As long as we walk blameless - as long as we keep on thinking, "Theres nothing wrong with me", as long as we try to ignore what kind of people we really are, we will never really see who it is that is lying in the manger. We will never see what that baby has done for all of us; we will never see the love of God that sent his only Son to die for our sake. If we want to experience the real joy of Christmas then we must first repent, recognise our sinfulness, to let go of it and turn away from it.
Jesus told the story of the lad who was sitting in a pigsty thinking how stupid he had been to leave the warmth and security of his fathers home. He repented. He went back home and his first words were, "Father, I have sinned against heaven and before you. I am no longer worthy to be called your son." His father welcomed him with open arms. And likewise our heavenly welcomes us home and forgives all of our sin because of Jesus.
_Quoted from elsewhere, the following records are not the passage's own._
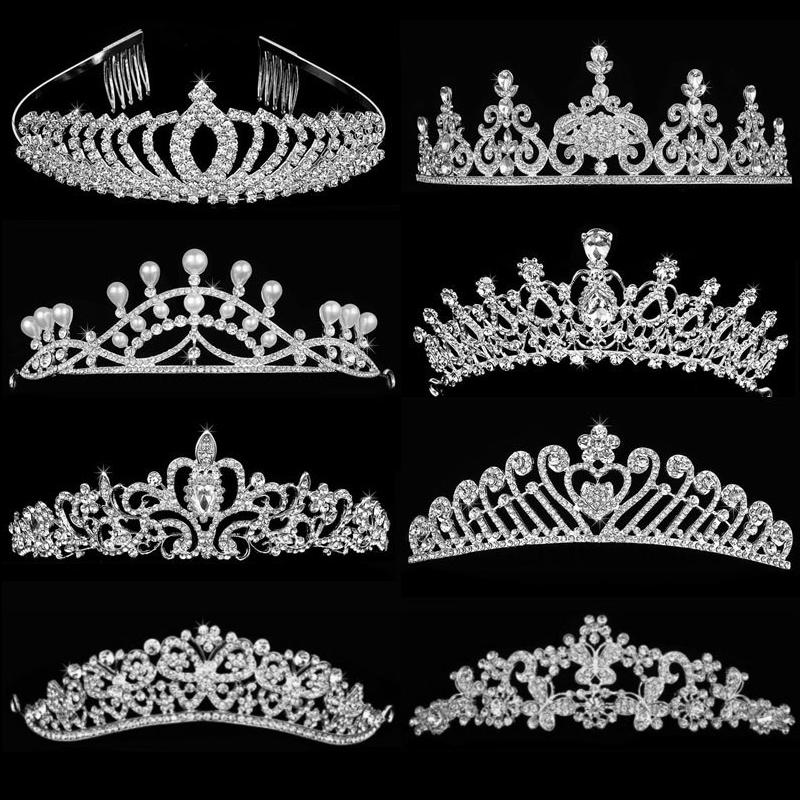 

Wedding Tiara Rhinestone Decorated Bride Tiara Hair Barrettes Hairband Hair Clip Loop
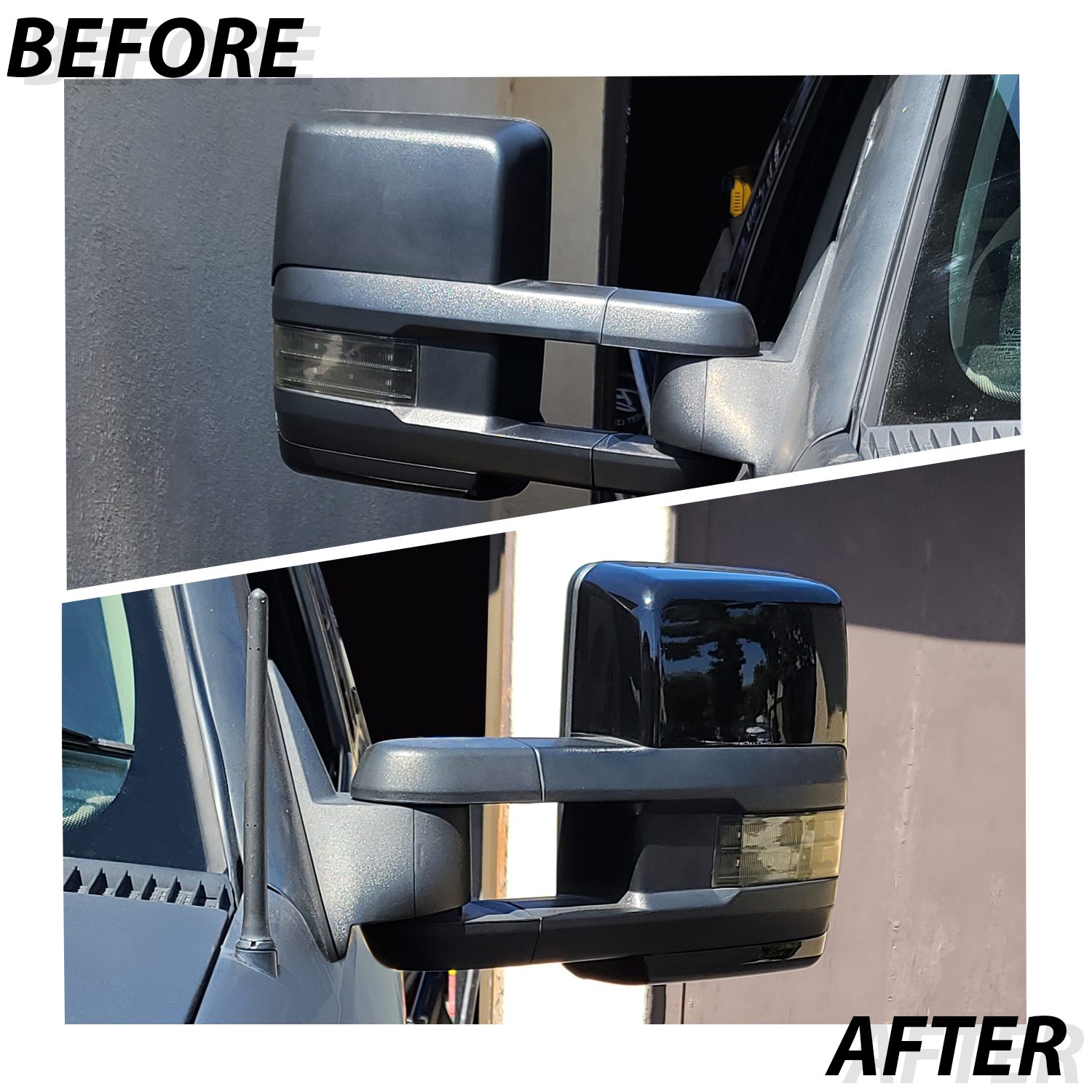 ECOTRIC Pair Glossy Black Tow Mirror Caps Cover for  2014-2019 Chevy Silverado GMC Sierra Truck Pickup Replaces 23444125, 23444126, 23444119, 23444120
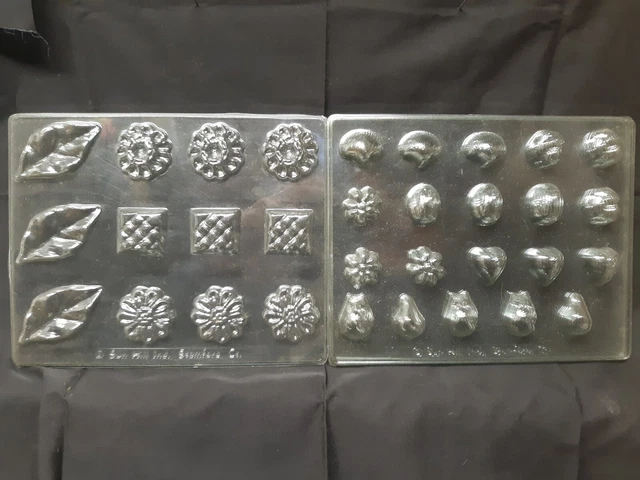 Sun Hill Plastic Candy molds lot of 6 floral design for graduations or weddings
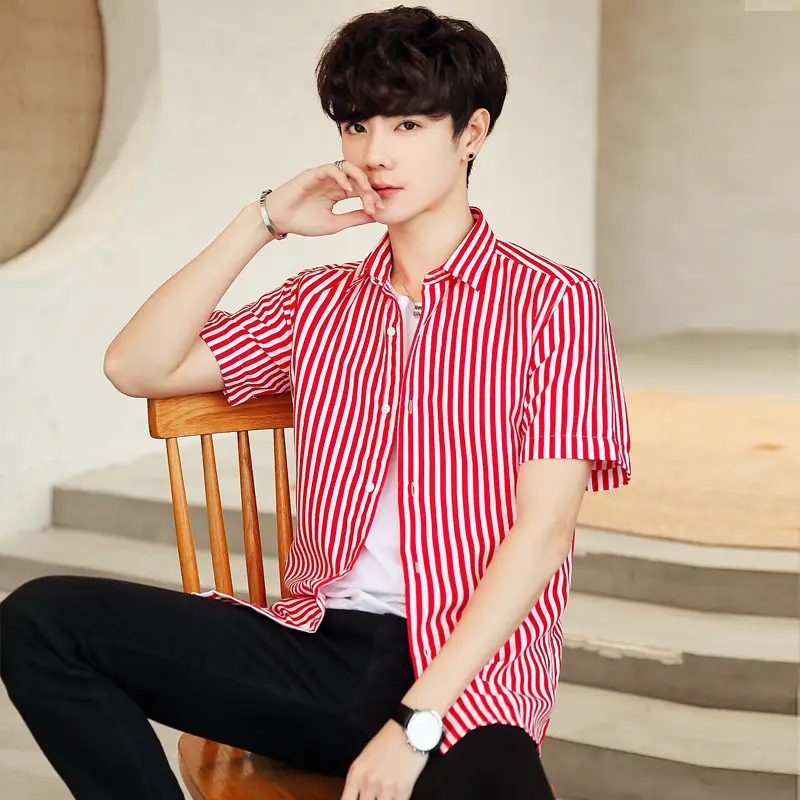 Men Striped Short Sleeve Shirt White Blue Youth - Image 3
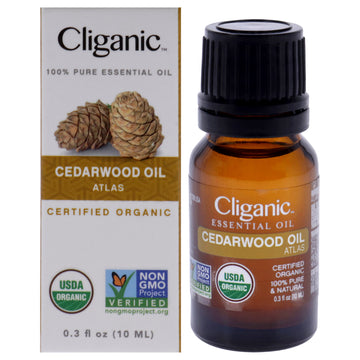 Organic Cedarwood by Cliganic for Unisex - 0.33 oz Oil
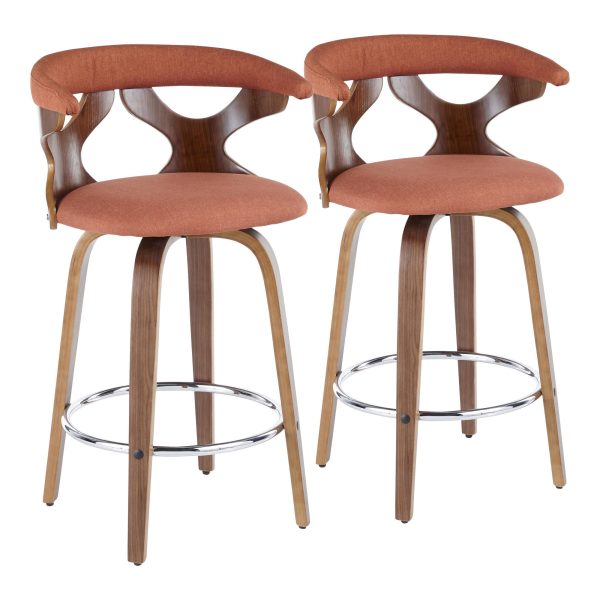 Gardenia 26 Mid Century Modern Walnut Orange Counter Stools Set of 2 2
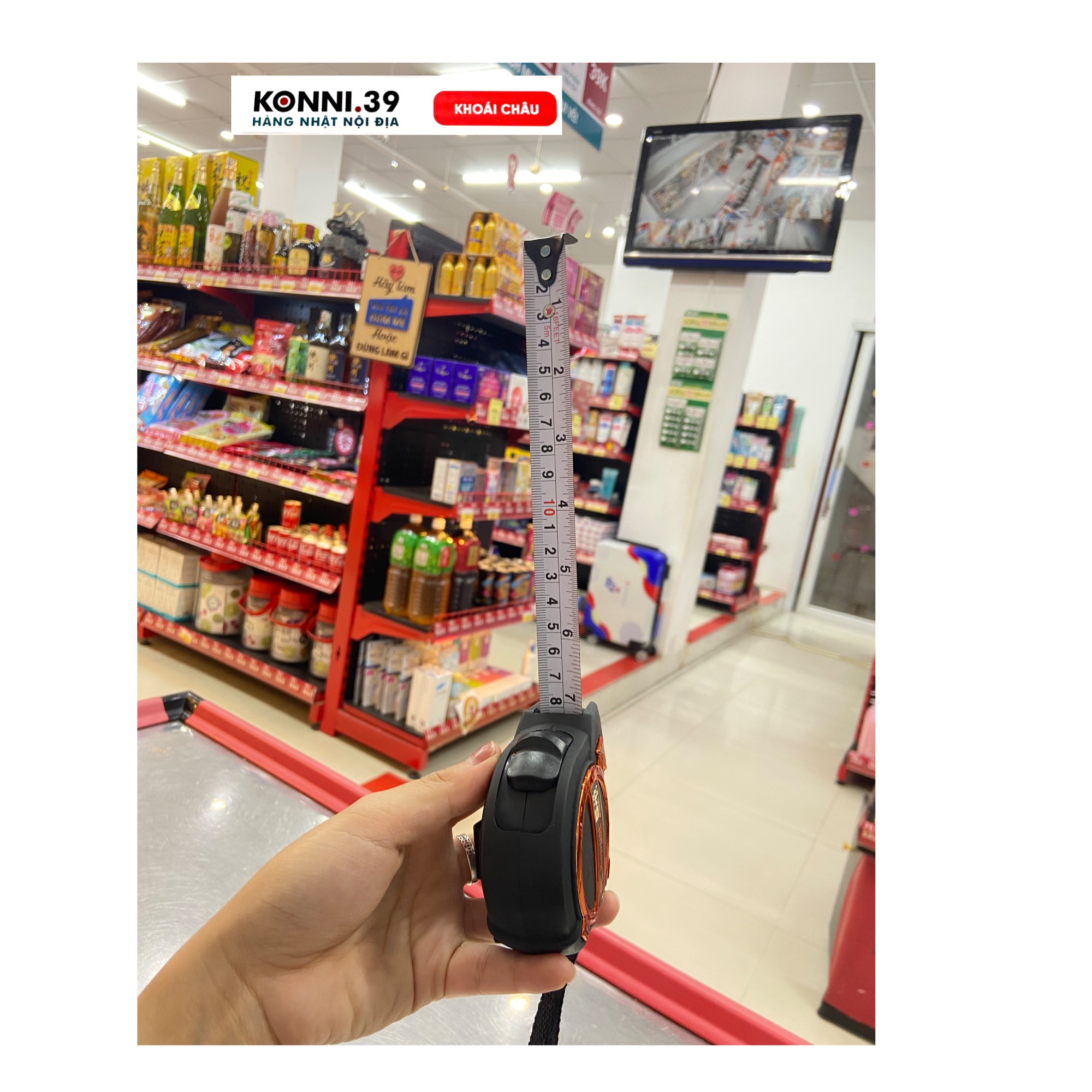 Thước kéo 5M19 đen viền cam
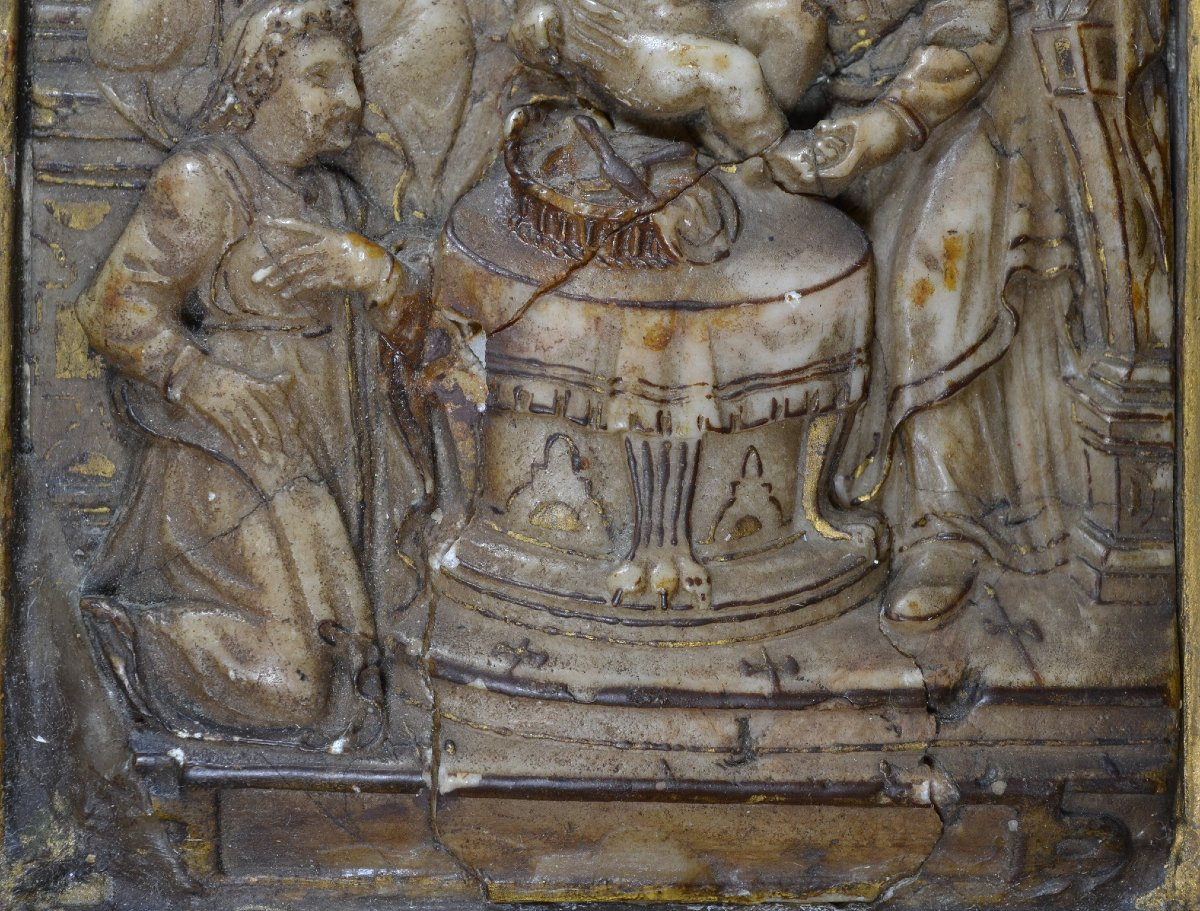 Plaque en albâtre. Circoncision du Christ. Flandres 16°siècle. -photo-5
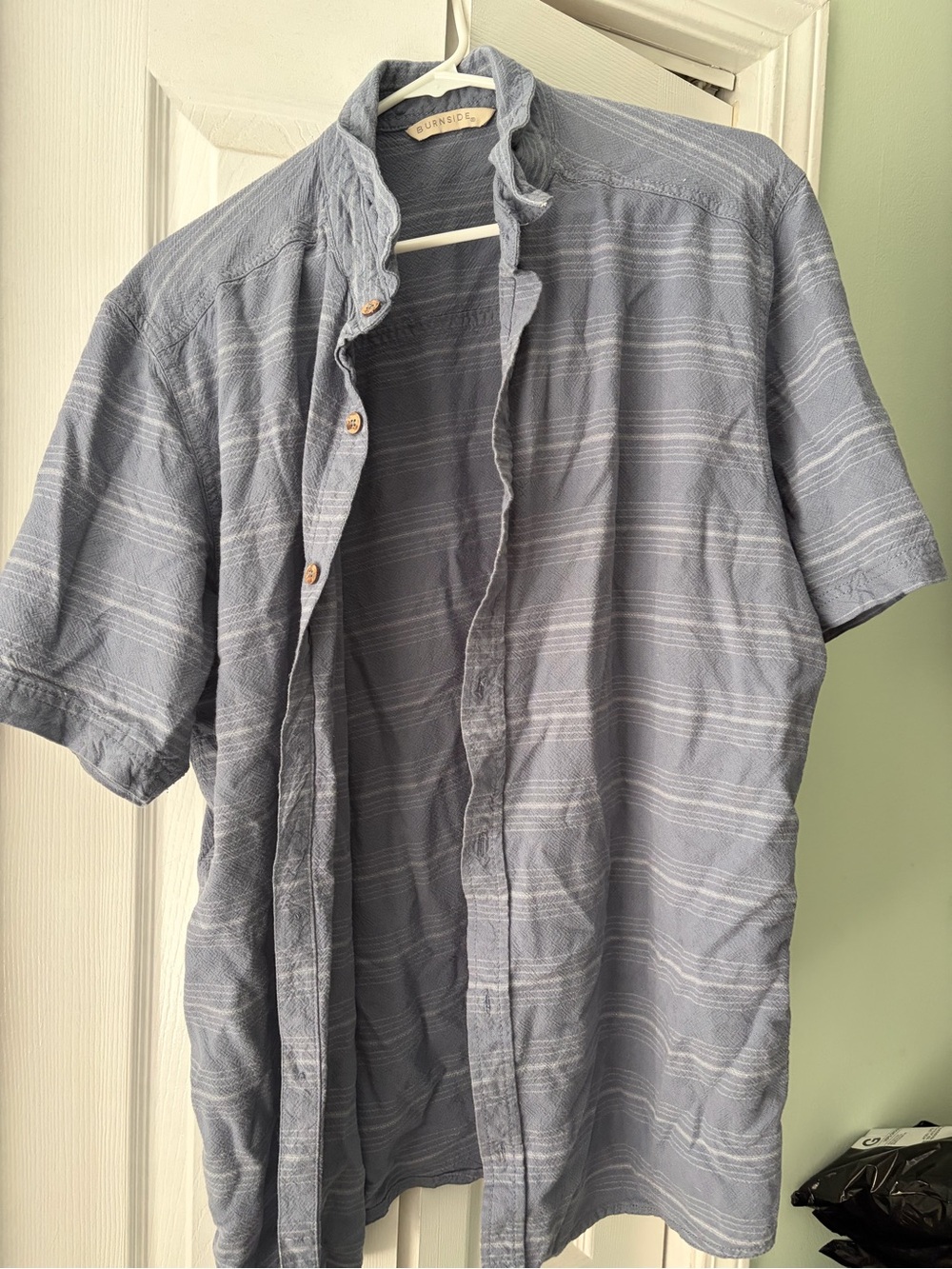 burnside blue striped short sleeve button-down shirt
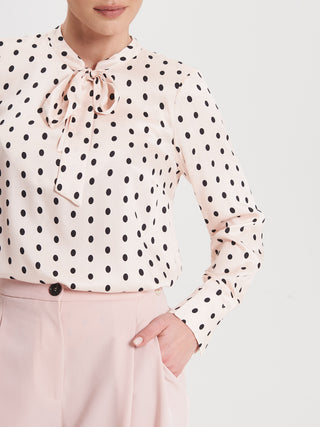 Blusa Rosa Pois in Viscosa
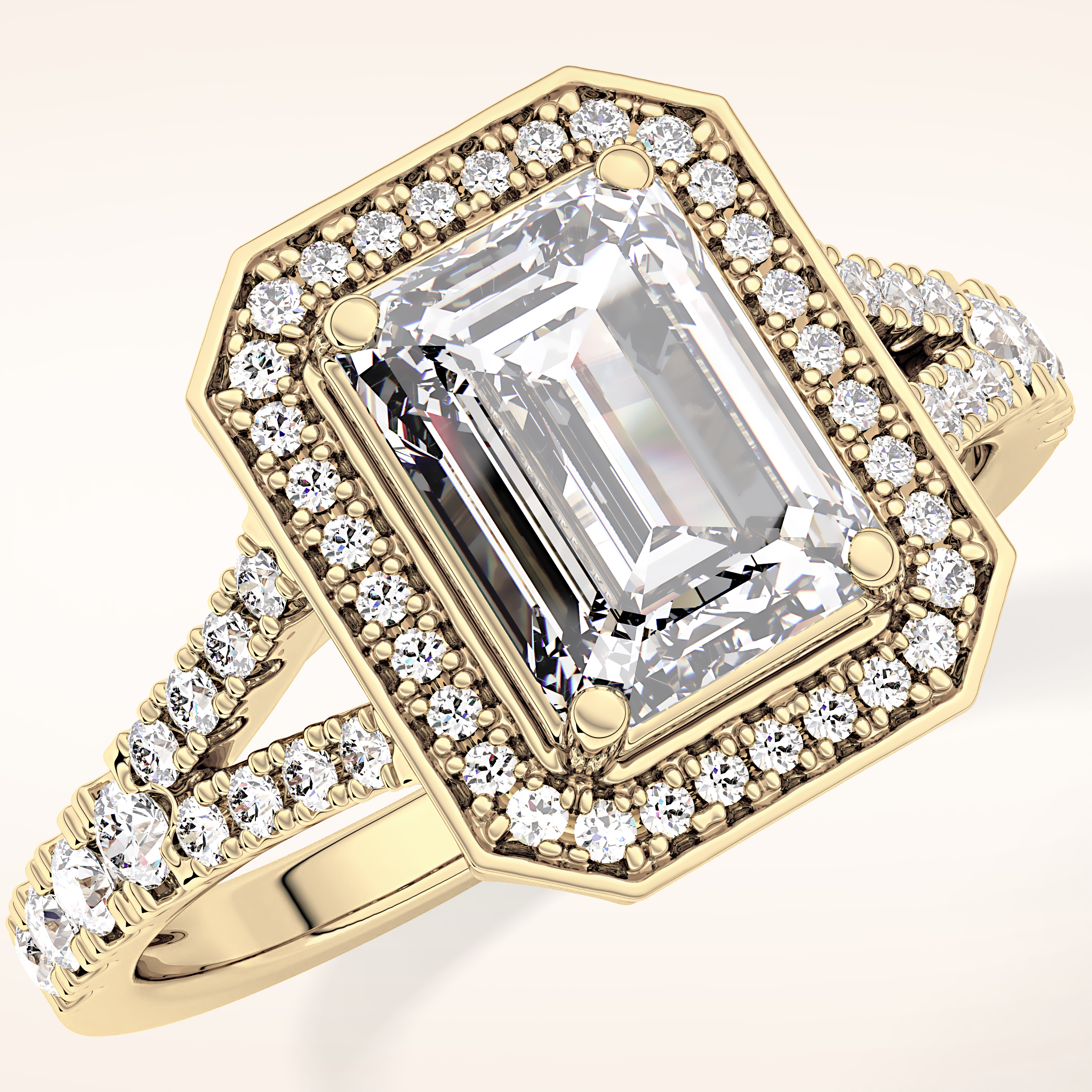 1.41 CT Emerald Shaped Halo & Pave Moissanite Engagement Ring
It is true we can't really know and appreciate what God has done for us in Bethlehem unless we taste the bitter castor oil of the Baptist. He calls us to account, measuring our lives, not by what nine our of ten Australians think, but by what God Almighty commands. He reminds that there is no getting away from the fact that we are sinners and that without help from God we would be damned forever. But he also points out that there is good news. The Messiah is coming who "will baptise you with the Holy Spirit and fire."
Before we rush headlong into Christmas joy, let's take a moment to stumble over abrasive, rough, straight talking John the Baptist. Joy, real joy, gospel-evoked joy, only comes because we can happily put all of our sin behind us. We know that at Christmas God's love sent to us a Saviour who would cancel our debt of sin totally and completely. There in the manger is a child, a very ordinary looking, plain and simple child, but the infant son saves us from the punishment we deserve - he died on a cross for our forgiveness. Joy, not a superficial Christmas merriment, real joy has come to the world. We sing at this time of the year, "Joy to the world! The Lord is come: Let every heart prepare him room, and heaven and nature sing."
And so we have this call to rejoice and shout aloud. We may be sinners but we have a Saviour. And that is just what we are about to celebrate in a week's time. Jesus was born in Bethlehem for us and because of our sin, so
"Sing and shout aloud for joy! Rejoice with all your heart! ....
The Lord will take delight in you, and in his love he will give you new life."